Rasmus Paludan, leader of Danish right wing party, Stram Kurs, casts his vote at the Vesterbro public library polling station on June 5, 2019 in Copenhagen, during the parliamentary elections 2019. (Photo by Henning Bagger / Ritzau Scanpix / AFP) / Denmark OUT (Photo credit should read HENNING BAGGER/AFP/Getty Images)

An asylum seeker from Syria has been sentenced to 60 days in prison followed by a deportation order for hitting anti-Islamisation campaigner Rasmus Paludan in the head with a rock.

The 24-year-old Syrian will be banned from re-entering Denmark for six years following his conviction in the case earlier this week, Danish broadcaster TV2 reports.

The attack which sparked the case occurred on April 19th when Mr Paludan held a demonstration in the city of Viborg.

Paludan, a staunch anti-Islamisation campaigner and leader of the Hard Line political party, has become well-known in Denmark for his controversial and provocative street actions, some of which have seen copies of the Islamic Quran burnt.

Three people were arrested at the demonstration in Viborg after the situation turned violent.
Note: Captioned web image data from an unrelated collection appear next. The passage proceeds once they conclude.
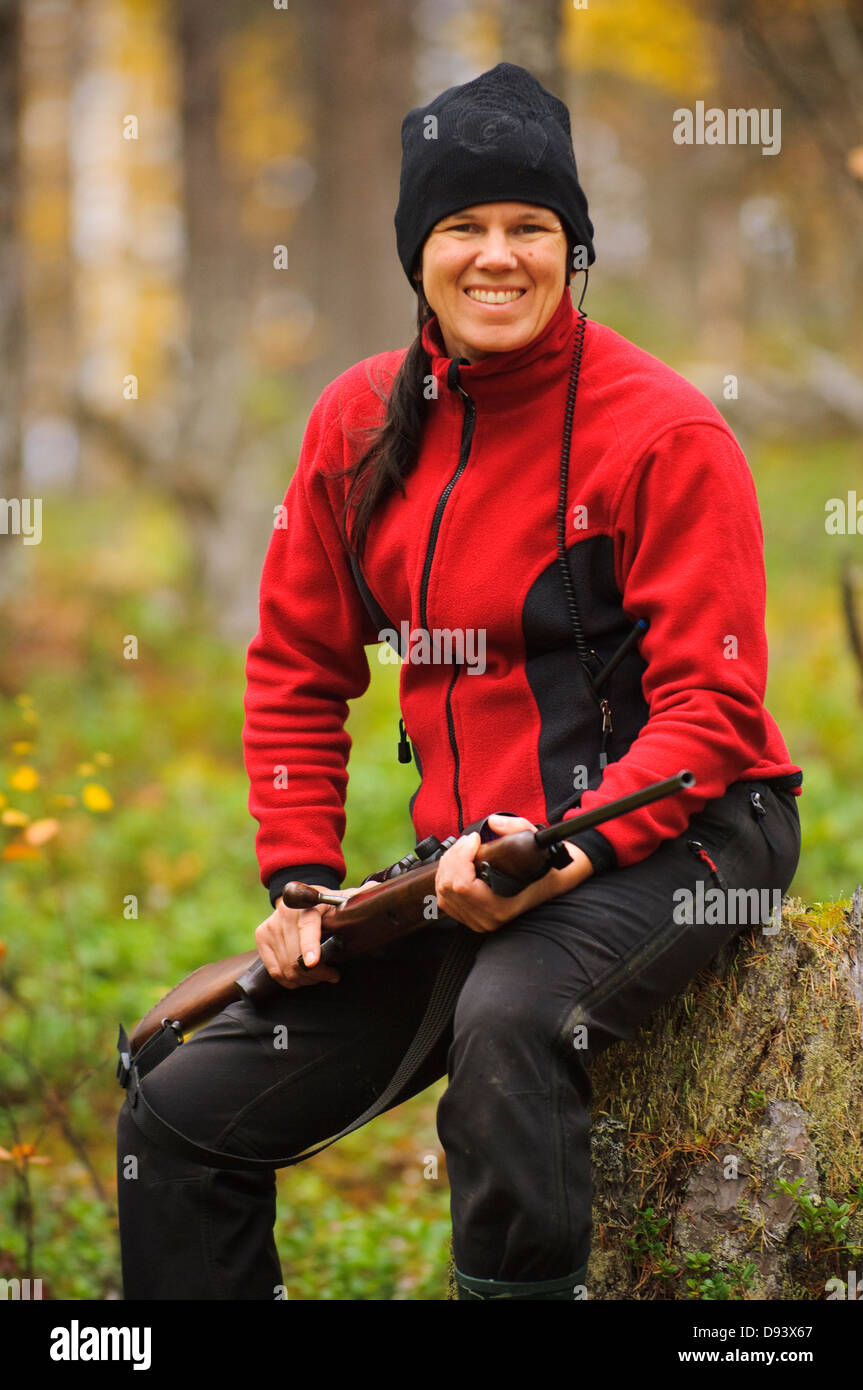 Mitte Erwachsene Frau Holding Gewehr im Wald Porträt Stockfoto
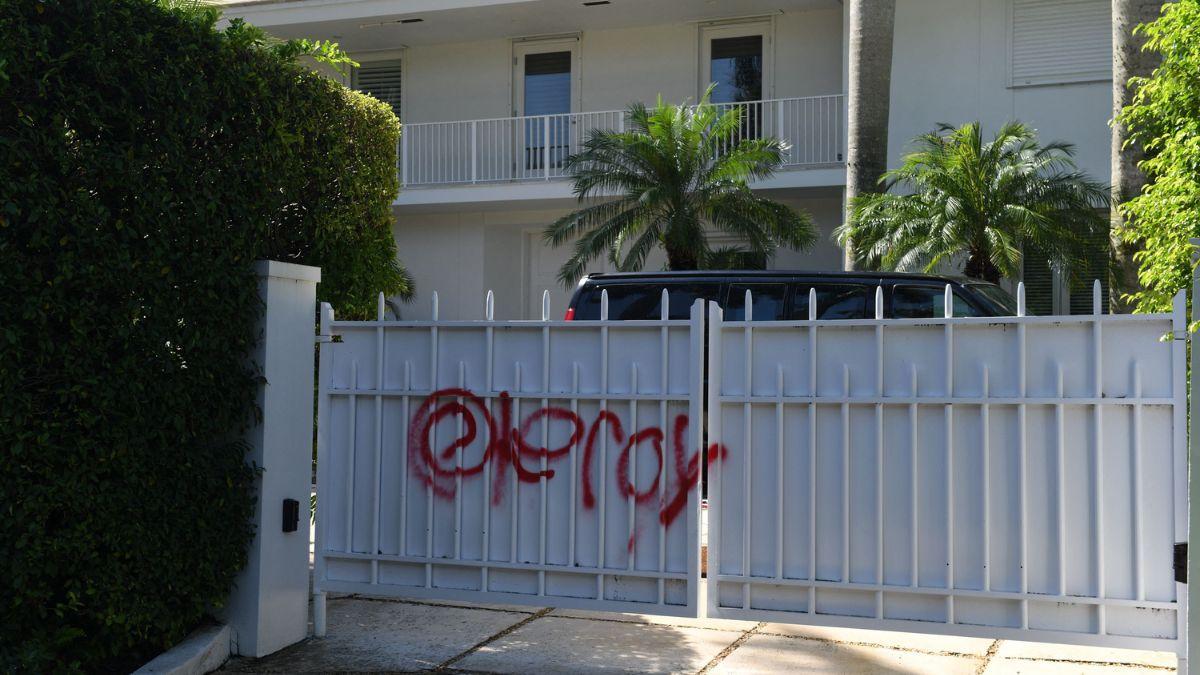 A photo of Jeffrey Epstein's Palm Beach home with graffiti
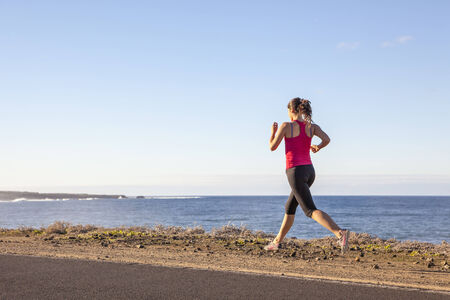 atlhlete woman running near the sea. Healthy active lifestyle young woman exercising outdoors.の写真素材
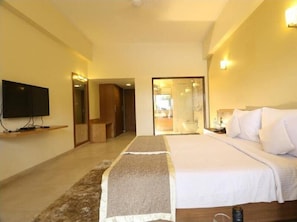 Hotelkamer met een bed, een televisie aan de muur, een spiegel en een badkamer door een open deur zichtbaar.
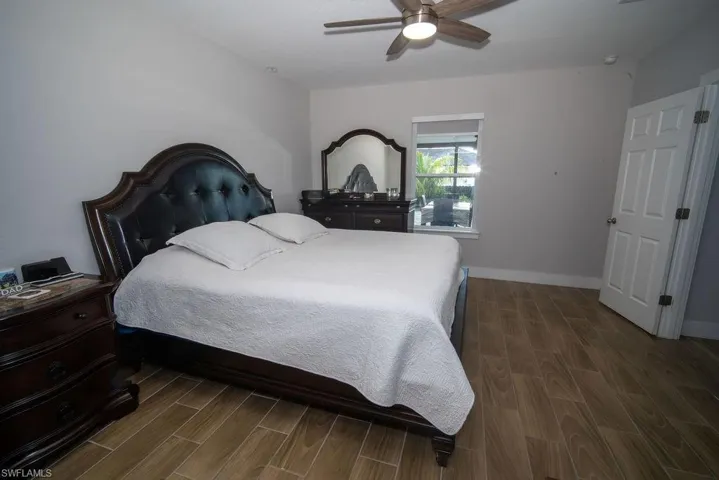 Bedroom with wood finish floors and a ceiling fan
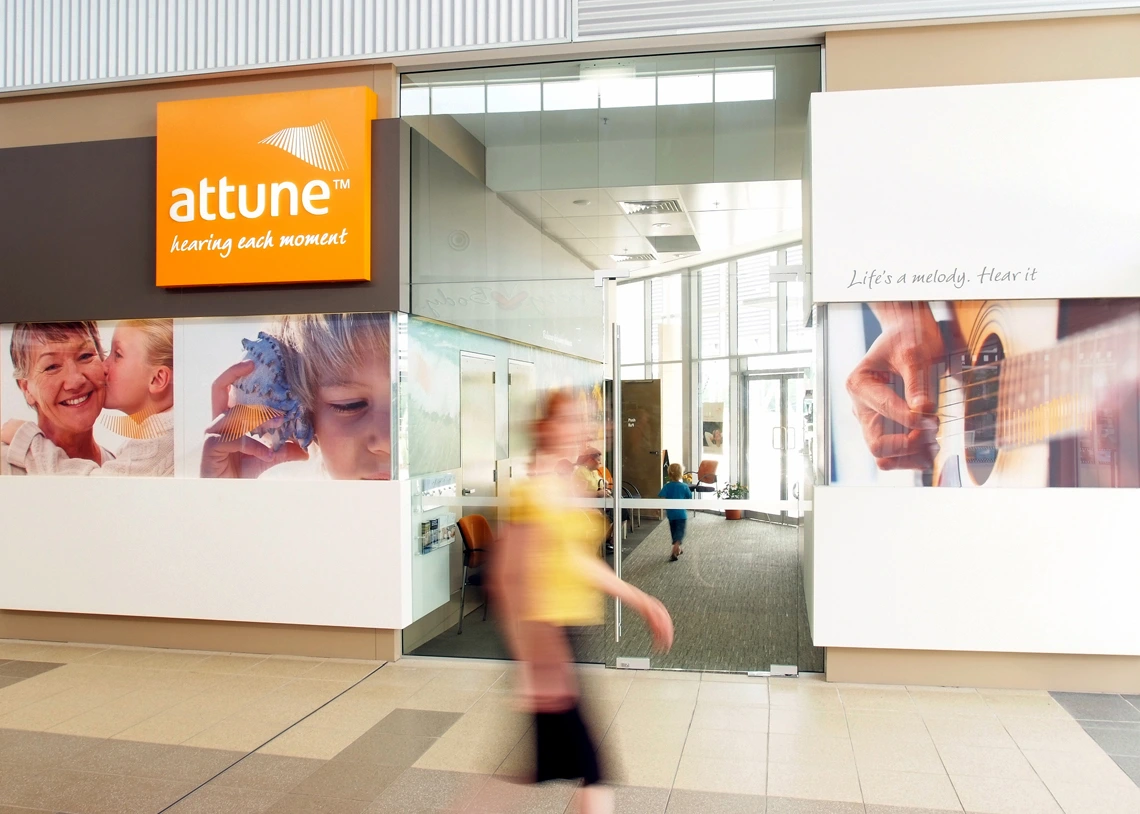 Attune Hearing clinic sign system featuring supergraphics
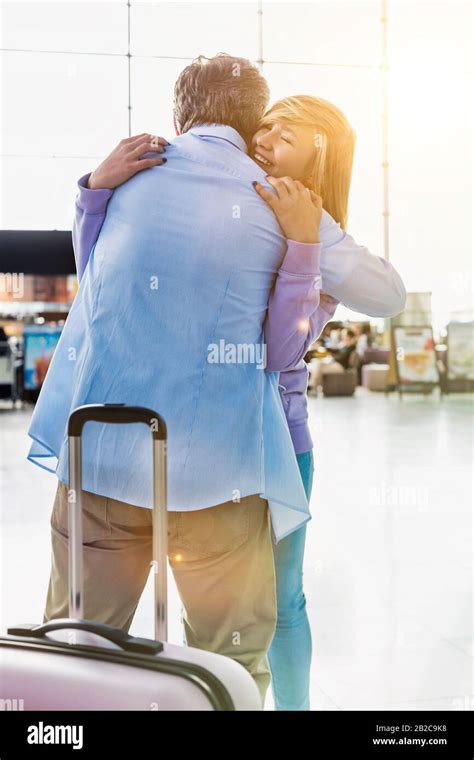 Portrait Of Mature Man Reuniting With His Daughter In Airport Stock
So far, the 24-year-old is the only one of the three to have been tried and prosecuted for attacking Paludan.

Prosecutor Linette Lysgaard said she was satisfied with the result of the trial saying: “He was guilty of the whole thing. He admits that he has thrown a stone at Rasmus Paludan, which hit Paludan in the neck.”

The Syrian has put forward an appeal to the deportation order but has not appealed the guilty conviction for the assault.

The incident in Viborg came only days after another in Copenhagen in which Paludan sparked riots after throwing around a copy of the Quran before police forced him to leave for his own safety. Twenty-three people were arrested following the riots that required the deployment of police in riot gear and the use of tear gas.

While several polls that were taken before the Danish election predicted that Hard Line may enter the Danish parliament, the party came in just under the election threshold of two per cent, securing 1.9 per cent of the vote.